В телефоне обнаружилось вчерашнее сообщение от Лены: «Ирка, ты как, жива? Позвони, я волнуюсь». И пропущенный звонок от нее же, сегодняшний. Почувствовав себя свиньей, я перезвонила и ломанула в карьер, даже не поздоровавшись, словно отрезая все пути для отступления:

— Мать, я тебе пока ничего не скажу, но если не вернусь, считайте меня коммунистом.

— Чего? — удивилась Ленка. — Откуда не вернешься? Что у тебя вообще творится?

— У меня творилась первая в жизни депра, — признала я очевидное. — А завтра еду… хрен его знает, что это будет. Вроде как собеседование, но… Посмотрим. И не спрашивай ничего.

— Ладно, — она не стала спорить. — Потом расскажешь. Когда мы с Тимом из Болгарии вернемся. Надеюсь, к тому времени все уже определится.

Остаток дня прошел… да никак он не прошел. Провалился в какую-то черную дыру. В настенных часах села батарейка, секундная стрелка уже не чмокала, а мелко дрожала на одном месте. Вот так и у меня внутри все дрожало, покалывая тонкими иголочками. На следующий день с утра, чтобы отвлечься, затеяла уборку, да так увлеклась, что спохватилась только в третьем часу дня — когда уже надо было ехать. А еще ведь душ принять, волосы уложить, накраситься, одежду выбрать. Из метро вышла уже около шести вечера.

В приемной за стойкой сидела молодая женщина в деловом костюме. Поздоровалась, посмотрела вопросительно.

— Моя фамилия Касатонова, — ну, как в холодную воду с головой. — Я звонила вчера.
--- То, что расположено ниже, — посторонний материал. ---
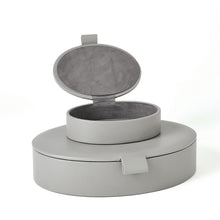 Load image into Gallery viewer, Grey Large Oval Leather Box
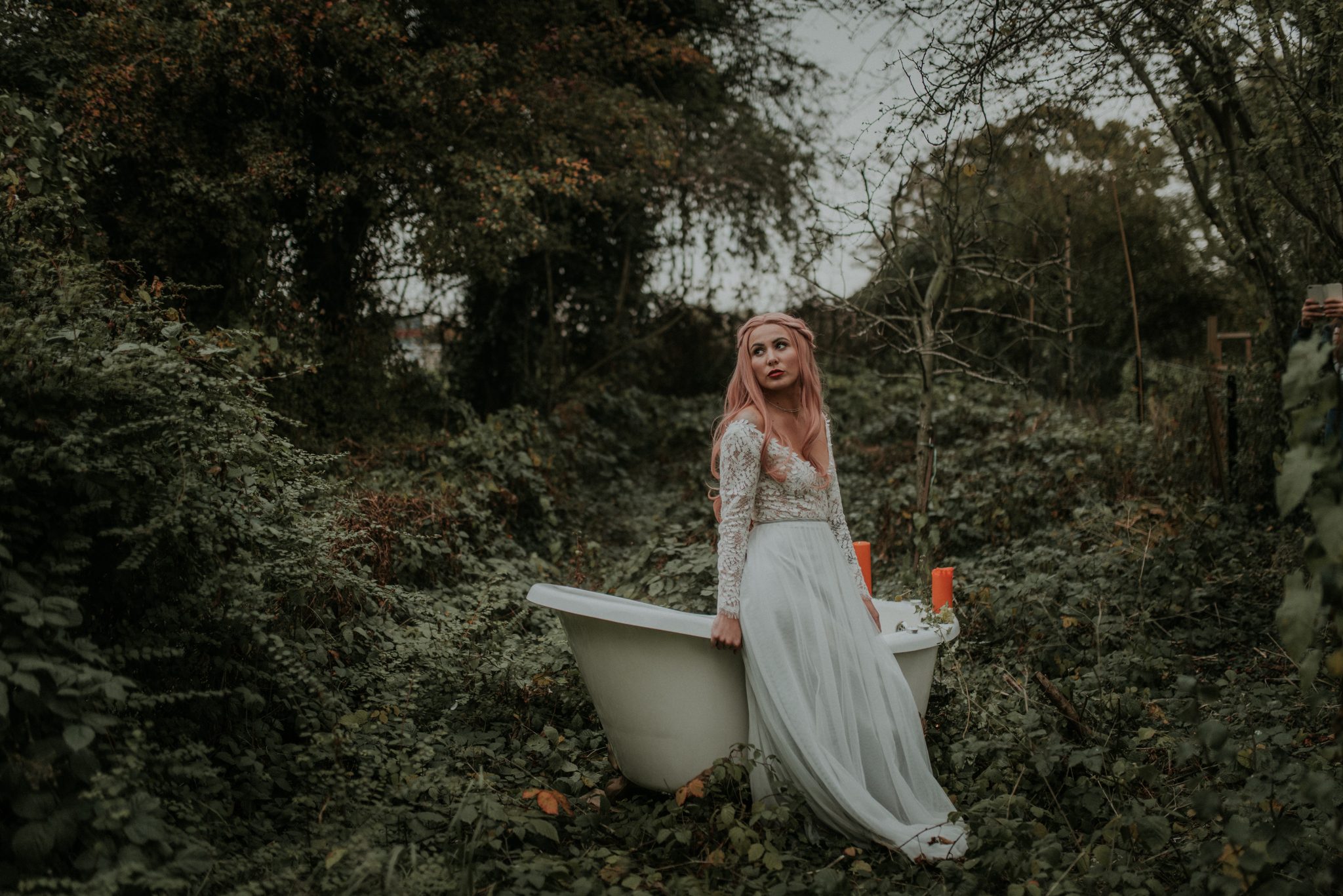 Bridal Inspiration with Lucy Can’t Dance in a forest bath tub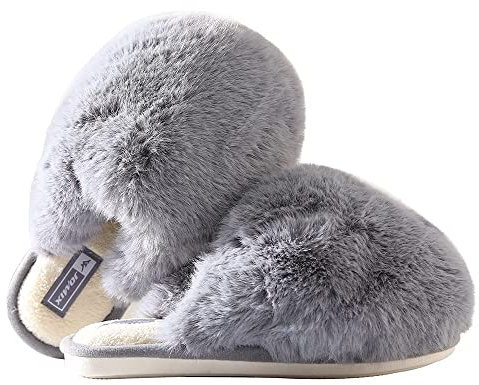 JOMIX Ciabatte Pelose Donna Invernali Pelliccia Sintetica Pantofole Pelose Donna Calde e Comode MD3753 (Grigio, 37)
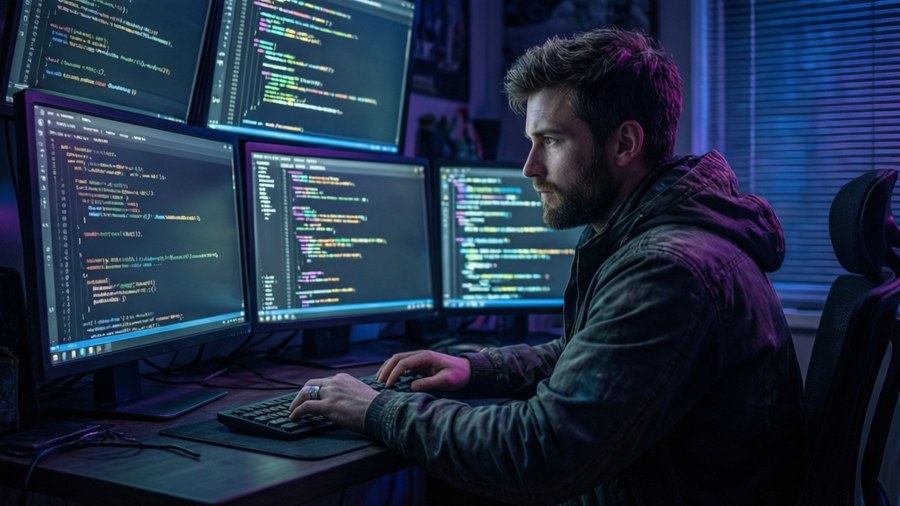 A dark, futuristic workspace with multiple monitors glowing with code.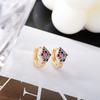 Brincos Geométricos Exquisitos em Forma de Diamante com Zircônia Colorida, Brincos de Luxo Leve e de Alta Qualidade, Atacado de Joias Femininas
— Да-да, я помню. Минуту, — она сняла трубку селектора. — Петр Евгеньевич, Касатонова к вам… Проходите. Направо.

Вдохнув поглубже, я вошла в кабинет.

За столом сидел мужчина в ослепительно белой рубашке с расстегнутым воротом. Я знала, что Дарьялову уже полтинник, но выглядел он едва за сорок. От одного взгляда холодных светлых глаз снова заледенело в животе. Глубоко посаженные, разрезанные прищуром — было в них что-то волчье. Да и во все облике: жесткий, уверенный в себе, опасный хищник. Перейти такому дорогу мог только самоубийца. Или такая дура, как Ира.

Оправдывайся теперь: дяденька, простите, я не знала.

— Проходите, Ирина Ивановна, присаживайтесь.

Боже, какой голос! Мягкий, бархатный — а под бархатом сталь. А кстати, я своего имени-отчества по телефону не называла. Хватило фамилии, чтобы выяснить, кто я.

Мутило от страха, но я не могла не признать: было в этой опасности что-то притягательное. Так тянет в пропасть, когда стоишь у обрыва.

5

Опустившись на стул у приставного столика, я сжала руки под сумкой.

— Кофе?

Кивнула молча. Думала, попросит секретаршу, но Дарьялов достал из шкафчика две чашки, подошел к кофемашине на подоконнике, заправил в нее капсулы. Пока машина фырчала, выплевывая кофе и пену, передо мной оказалась сахарница и коробка конфет.